Now for $x\in [3^k,3^{k+1}]$, $k\in\mathbb Z$, set $f(x) := 3^kf(3^{-k}x)$ and finally $f(0) := 0$. Thus, we have defined a continuous and increasing function on all of $[0,\infty)$. Let us show that it satisfies the functional equation.
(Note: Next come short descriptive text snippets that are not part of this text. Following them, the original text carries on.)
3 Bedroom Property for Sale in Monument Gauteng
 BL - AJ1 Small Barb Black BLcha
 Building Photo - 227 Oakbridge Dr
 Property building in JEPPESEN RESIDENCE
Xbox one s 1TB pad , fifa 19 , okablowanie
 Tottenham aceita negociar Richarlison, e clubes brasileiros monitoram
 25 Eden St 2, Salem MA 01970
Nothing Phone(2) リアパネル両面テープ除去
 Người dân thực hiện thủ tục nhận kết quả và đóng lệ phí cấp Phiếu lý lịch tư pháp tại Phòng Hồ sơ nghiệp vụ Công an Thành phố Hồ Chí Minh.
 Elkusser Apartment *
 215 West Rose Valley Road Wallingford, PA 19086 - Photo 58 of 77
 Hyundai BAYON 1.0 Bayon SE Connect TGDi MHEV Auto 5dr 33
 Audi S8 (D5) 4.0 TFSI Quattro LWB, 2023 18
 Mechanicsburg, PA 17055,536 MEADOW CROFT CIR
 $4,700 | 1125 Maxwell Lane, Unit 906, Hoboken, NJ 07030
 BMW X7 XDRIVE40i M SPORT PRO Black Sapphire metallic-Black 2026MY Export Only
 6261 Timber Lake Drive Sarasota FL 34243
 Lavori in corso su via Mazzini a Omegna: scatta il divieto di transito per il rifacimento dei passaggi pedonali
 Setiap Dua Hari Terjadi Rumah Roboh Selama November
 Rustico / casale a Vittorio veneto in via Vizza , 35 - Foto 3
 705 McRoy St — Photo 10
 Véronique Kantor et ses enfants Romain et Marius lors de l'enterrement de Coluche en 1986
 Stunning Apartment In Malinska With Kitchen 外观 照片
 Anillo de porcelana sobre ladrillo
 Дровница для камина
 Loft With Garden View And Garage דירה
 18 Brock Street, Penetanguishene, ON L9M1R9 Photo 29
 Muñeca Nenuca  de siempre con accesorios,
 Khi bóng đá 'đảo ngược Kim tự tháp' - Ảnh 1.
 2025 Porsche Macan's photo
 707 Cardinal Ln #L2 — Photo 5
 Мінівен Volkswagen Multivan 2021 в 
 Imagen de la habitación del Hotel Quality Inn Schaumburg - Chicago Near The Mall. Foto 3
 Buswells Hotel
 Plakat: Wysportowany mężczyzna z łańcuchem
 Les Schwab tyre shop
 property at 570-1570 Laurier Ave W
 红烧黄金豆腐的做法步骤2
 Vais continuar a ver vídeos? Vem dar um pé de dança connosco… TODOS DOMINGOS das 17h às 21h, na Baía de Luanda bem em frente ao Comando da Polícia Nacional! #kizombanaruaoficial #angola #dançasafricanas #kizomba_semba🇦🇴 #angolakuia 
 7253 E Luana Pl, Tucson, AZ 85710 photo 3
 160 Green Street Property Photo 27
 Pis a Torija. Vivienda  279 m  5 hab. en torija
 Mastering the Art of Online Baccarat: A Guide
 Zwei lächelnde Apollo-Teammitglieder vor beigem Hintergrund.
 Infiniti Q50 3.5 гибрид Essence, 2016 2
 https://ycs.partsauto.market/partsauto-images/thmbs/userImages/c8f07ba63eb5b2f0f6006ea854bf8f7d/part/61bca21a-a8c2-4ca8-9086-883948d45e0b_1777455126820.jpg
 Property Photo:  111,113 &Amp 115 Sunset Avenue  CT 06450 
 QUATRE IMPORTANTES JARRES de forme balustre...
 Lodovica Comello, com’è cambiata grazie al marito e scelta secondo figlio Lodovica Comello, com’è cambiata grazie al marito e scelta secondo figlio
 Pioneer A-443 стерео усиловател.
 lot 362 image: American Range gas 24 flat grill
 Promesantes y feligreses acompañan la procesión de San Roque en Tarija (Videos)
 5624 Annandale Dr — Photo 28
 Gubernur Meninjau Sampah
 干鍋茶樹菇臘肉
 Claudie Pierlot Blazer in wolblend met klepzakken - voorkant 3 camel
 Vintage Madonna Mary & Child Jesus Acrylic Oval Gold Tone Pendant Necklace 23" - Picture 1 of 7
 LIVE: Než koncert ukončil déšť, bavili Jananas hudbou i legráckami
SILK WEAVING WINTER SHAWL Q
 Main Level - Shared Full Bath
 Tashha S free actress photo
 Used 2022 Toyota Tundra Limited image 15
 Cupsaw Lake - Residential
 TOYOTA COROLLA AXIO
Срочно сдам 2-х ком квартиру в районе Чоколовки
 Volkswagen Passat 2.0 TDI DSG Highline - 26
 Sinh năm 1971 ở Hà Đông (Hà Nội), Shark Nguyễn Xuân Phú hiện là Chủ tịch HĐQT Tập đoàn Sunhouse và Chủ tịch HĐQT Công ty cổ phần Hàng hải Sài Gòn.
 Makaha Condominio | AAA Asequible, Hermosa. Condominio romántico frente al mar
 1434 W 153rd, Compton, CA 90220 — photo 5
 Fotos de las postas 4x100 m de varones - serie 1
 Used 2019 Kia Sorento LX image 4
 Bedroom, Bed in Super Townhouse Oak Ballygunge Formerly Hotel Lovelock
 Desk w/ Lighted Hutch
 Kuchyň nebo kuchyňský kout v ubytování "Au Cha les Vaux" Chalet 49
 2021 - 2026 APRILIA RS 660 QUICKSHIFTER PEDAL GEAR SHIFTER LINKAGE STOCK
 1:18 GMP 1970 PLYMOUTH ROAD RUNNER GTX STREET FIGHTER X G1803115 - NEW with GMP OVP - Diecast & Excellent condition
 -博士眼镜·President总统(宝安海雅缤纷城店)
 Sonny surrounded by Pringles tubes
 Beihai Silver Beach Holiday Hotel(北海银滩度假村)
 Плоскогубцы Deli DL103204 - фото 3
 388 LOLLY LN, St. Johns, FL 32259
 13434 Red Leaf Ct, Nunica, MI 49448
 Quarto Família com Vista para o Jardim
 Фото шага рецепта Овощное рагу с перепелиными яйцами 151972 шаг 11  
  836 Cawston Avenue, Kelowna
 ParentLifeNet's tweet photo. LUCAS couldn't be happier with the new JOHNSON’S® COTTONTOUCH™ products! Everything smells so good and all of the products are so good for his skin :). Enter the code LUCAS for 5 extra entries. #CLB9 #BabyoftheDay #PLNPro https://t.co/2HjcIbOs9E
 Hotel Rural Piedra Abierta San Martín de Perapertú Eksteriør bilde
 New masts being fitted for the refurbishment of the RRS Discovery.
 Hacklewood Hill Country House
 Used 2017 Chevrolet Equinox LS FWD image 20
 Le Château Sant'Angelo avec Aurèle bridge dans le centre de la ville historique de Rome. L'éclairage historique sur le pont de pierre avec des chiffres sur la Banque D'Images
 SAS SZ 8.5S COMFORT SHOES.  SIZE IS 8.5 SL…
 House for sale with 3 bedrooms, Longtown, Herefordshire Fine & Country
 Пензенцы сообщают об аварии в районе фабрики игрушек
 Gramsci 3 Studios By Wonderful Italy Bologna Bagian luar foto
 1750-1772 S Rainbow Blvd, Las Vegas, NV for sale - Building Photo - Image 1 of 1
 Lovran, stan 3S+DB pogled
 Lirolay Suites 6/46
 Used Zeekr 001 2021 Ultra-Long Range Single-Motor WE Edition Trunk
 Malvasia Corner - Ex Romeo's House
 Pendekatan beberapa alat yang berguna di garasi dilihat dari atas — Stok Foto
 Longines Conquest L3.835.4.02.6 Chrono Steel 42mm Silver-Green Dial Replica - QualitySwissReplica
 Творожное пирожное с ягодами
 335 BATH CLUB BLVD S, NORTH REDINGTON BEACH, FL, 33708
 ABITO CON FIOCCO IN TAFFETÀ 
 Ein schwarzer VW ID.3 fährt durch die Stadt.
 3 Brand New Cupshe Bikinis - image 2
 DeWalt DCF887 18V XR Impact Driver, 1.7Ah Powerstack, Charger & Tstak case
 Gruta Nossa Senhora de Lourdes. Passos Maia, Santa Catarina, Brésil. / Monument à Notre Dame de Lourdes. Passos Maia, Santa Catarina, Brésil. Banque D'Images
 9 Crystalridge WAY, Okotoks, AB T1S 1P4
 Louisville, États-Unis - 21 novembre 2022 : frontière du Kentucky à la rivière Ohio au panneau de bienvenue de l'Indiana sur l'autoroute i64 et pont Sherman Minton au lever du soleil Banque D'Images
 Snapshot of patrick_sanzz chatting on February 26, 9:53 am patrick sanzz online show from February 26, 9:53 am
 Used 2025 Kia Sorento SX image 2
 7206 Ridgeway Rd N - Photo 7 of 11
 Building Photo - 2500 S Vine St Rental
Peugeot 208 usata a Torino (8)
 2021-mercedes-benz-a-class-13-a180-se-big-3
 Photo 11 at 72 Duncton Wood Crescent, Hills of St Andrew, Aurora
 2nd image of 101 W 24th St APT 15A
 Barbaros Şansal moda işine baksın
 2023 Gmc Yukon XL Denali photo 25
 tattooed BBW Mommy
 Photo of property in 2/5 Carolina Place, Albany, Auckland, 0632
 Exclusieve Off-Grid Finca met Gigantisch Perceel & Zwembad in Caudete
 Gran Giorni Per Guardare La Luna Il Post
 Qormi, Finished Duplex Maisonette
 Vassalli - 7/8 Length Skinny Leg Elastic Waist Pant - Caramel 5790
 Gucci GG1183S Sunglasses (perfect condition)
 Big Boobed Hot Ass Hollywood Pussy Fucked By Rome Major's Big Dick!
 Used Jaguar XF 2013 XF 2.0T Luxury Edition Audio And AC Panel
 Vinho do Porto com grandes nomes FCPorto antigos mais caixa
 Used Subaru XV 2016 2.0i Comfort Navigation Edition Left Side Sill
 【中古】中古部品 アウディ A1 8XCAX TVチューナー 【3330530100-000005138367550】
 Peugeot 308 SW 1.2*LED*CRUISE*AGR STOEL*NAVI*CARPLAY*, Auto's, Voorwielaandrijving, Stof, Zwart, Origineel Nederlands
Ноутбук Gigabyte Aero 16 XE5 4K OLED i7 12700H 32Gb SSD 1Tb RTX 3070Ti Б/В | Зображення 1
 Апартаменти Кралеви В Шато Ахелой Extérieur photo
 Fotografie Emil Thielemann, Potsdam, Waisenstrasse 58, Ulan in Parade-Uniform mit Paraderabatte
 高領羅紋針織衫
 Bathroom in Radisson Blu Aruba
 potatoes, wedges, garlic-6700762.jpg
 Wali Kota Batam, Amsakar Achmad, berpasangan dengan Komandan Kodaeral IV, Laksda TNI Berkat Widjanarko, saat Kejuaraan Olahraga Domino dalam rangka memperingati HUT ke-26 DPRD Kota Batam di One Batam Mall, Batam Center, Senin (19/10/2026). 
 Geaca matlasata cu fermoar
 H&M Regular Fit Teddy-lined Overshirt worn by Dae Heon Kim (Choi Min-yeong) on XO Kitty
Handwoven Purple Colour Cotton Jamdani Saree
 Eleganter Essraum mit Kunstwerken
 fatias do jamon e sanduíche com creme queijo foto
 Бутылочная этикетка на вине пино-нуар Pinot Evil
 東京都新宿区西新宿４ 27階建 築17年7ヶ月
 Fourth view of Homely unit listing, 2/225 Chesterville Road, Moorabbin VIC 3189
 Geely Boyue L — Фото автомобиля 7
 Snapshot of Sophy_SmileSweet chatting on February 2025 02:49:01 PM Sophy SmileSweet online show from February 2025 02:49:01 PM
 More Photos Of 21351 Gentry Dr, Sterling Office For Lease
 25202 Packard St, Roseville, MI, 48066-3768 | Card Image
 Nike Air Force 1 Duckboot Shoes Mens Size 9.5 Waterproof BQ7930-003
To begin with, for $x\in [1,\sqrt 3]$ we have $f(f(x)) = 3f^{-1}(f(x)) = 3x$. Let $x\in [3^k,3^{k}\sqrt 3)$. Then, since $f(3^{-k}x)\in [\sqrt 3,3)$, we have $f(x) = 3^kf(3^{-k}x)\in [3^k\sqrt 3,3^{k+1})$ and so $$ f(f(x)) = 3^kf(3^{-k}f(x)) = 3^kf(f(3^{-k}x)) = 3x. $$ Finally, for $x\in [3^k\sqrt 3,3^{k+1})$ (including $k=0$), we have $3^{-k}x\in [\sqrt 3,3)$ and thus $f(3^{-k}x)\in [3,3\sqrt 3)$, i.e., $f(x) = 3^kf(3^{-k}x)\in [3^{k+1},3^{k+1}\sqrt 3)$. Thus, $$ f(f(x)) = 3^{k+1}f(3^{-k-1}f(x)) = 3^{k+1}f(3^{-k-1}3^kf(3^{-k}x)) = 3^{k+1}f(3^{-1}3f^{-1}(3^{-k}x)) = 3x. $$

Remark. Instead of $[1,\sqrt 3]$ you can start with any interval $[a,\sqrt 3a]$ and map it increasingly onto $[\sqrt 3a,3a]$. In other words, you can scale everything by $a>0$. Then you have found all possible solutions. And, of course, to make it more general, you can replace $3$ by any positive number.